O quinto e último descentramento está alicerçado, segundo Hall, no movimento feminista, enquanto uma crítica teórica que esse faz a sociedade. Ele cita o movimento feminista como exemplo de vários outros que ocorreram na década de sessenta, como os movimentos estudantis e outros, que foram importantes para esse descentramento do sujeito.

Ao elencar o pensamento de Stuart Hall nesse trabalho, se faz em uma coerência com a proposta e método de pesquisa, que não é se fechar nos conceitos do autor referência, mas colocá-los à prova, frente às outras linhas de pensamento, que foram construídas, e são igualmente relevantes.

Retomando o problema do sujeito a partir de Foucault, observa-se, que principalmente a partir da sua obra Vigiar e punir, onde esse elenca a escola como uma das instituições disciplinares responsáveis pelos processos de subjetivação, indicando que a escola funciona com o papel articulador entre as práticas pedagógicas e o conhecimento, que produz dessa junção, um modelo específico de sujeito disciplinado/docilizado, assim, Foucault vai delineando as consequências que a noção cartesiana de sujeito trouxe à sociedade.

Ressalta-se mais uma vez que Foucault se distancia totalmente da formulação clássica de sujeito, como algo dado, um sujeito desde sempre aí, preexistente a esse mundo, e que, portanto, para a maioria das correntes pedagógicas precisa ser ensinado, partindo do pressuposto iluminista de um sujeito ainda em uma menor idade, e que, por meio da educação, alcançaria essa maior idade, esse acabamento.

Veiga-Neto (2003) é outro autor que observa que a noção de um sujeito preexistente se consolidou a partir de algumas noções de sujeito construída na modernidade.
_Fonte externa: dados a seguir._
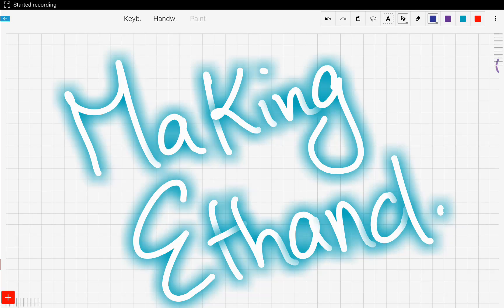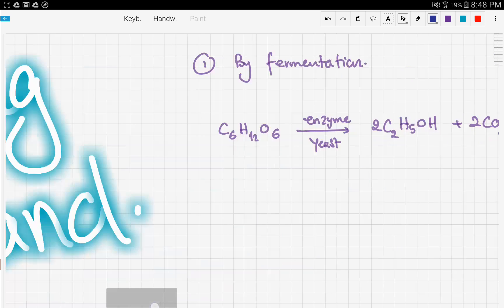Let's talk about making ethanol. Ethanol is the second member of the alcohols family and it has two carbon atoms present in the compound. We can make ethanol using two different methods. The first method is a biological method using fermentation. The second method is the hydration of ethene, which we already talked about in addition reactions with alkenes.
Exemplificando, o autor cita o “eu pensante” de Descartes, já explorado nesse texto, a “mônada” de Leibniz, o “sujeito do conhecimento” de Kant, pois todas essas noções, comungam da ideia que o sujeito é uma entidade já dada.
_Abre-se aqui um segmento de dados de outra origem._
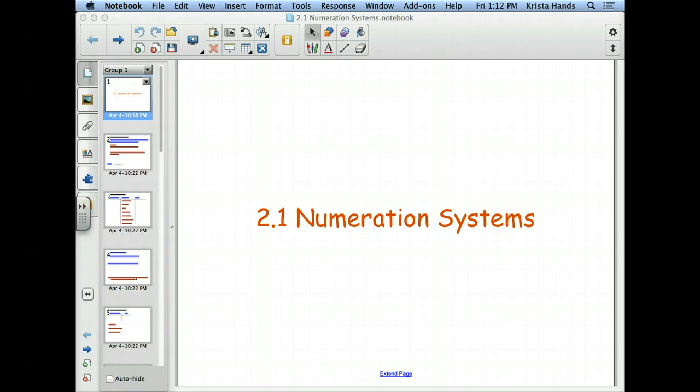We're going to change direction a little bit for Chapter 2. We're going to start talking about, in section 2.1 anyway, numeration systems. Parts of Chapter 2 are going to look familiar if you've had a contemporary math course or something.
Com efeito, Kant, é um dos autores modernos que mais sustenta essa noção preexistente de sujeito, e a chancela igualmente a Locke como universal. Em seu texto,

“Sobre a pedagogia” faz uma observação categórica que: “o homem é a única criatura que precisa ser educada” (KANT, 1996, p.11), e essa educação pensada por Kant, tem por finalidade que esse homem alcance a autonomia, ou seja, que possa ser capaz de construir suas próprias leis. Entretanto, Kant vê isso como universal, como se esse ideal possa ser alcançado em todas as épocas e em todos os homens, o que se configura um certo equívoco, pois como indica Foucault o sujeito moderno é uma construção histórica.
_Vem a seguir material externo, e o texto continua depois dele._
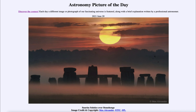So that was our picture of the day for June the 20th of 2021, titled Sunrise Solstice over Stonehenge. We'll be back again tomorrow for the next picture. Until then, have a great day everyone, and I will see you in class.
A ideia de universalidade do sujeito pensada por Kant traz implícito dois problemas: o de se tornar descontextualizados e atemporais, como se as “verdades” pensadas no iluminismo, tivessem validades eternas, onde todas as mudanças sociais, políticas e históricas, não fizessem o indivíduo ser modificado. E, ao se pensar assim, cria-se mais um dos inúmeros paradoxos da educação: se o sujeito é algo dado, e universal, onde não se permitem mudanças, questiona-se como então se poderia educá-lo, a não ser que se substitua o educá-lo por processos de subjetivação. Fala-se com Dazzani:

O que conhecemos e o que cremos está circunscrito ao nosso tempo e ao nosso contexto. Fora das nossas práticas humanas, da nossa imersão no fluxo do mundo, de nossos jogos de linguagem, as coisas simplesmente não fazem sentido algum. (DAZZANI, 2010, p. 13)

Esse modelo moderno de sujeito ainda contemplado na educação, faz com que os objetivos dos alunos, sejam sempre externos a eles. Assim, cursar o ensino médio é visto e vivido como uma etapa para passar no ENEM. Seguindo a mesma lógica, o curso superior é uma etapa externa ao aluno, a ser cumprida para ter acesso ao mercado de trabalho, ou seja, a educação perdeu o ideário de formação, e virou instrução, onde esse processo é resumido em uma mera transmissão de saber técnico para alcançar determinados fins, onde formar, nesse contexto, significa preparar o sujeito para as demandas do mercado de trabalho.

Dessa feita, entende-se de suma importância o trabalho conceitual de Foucault no que tange à noção de sujeito, pois as articulações teóricas entre Foucault e a educação, encontram no sujeito o elemento possível de conexão entre ambos. E como já dito, o elemento central de qualquer pedagogia sendo o sujeito, uma noção distinta de sujeito, pode conduzir a formas igualmente distintas de se pensar/fazer a educação.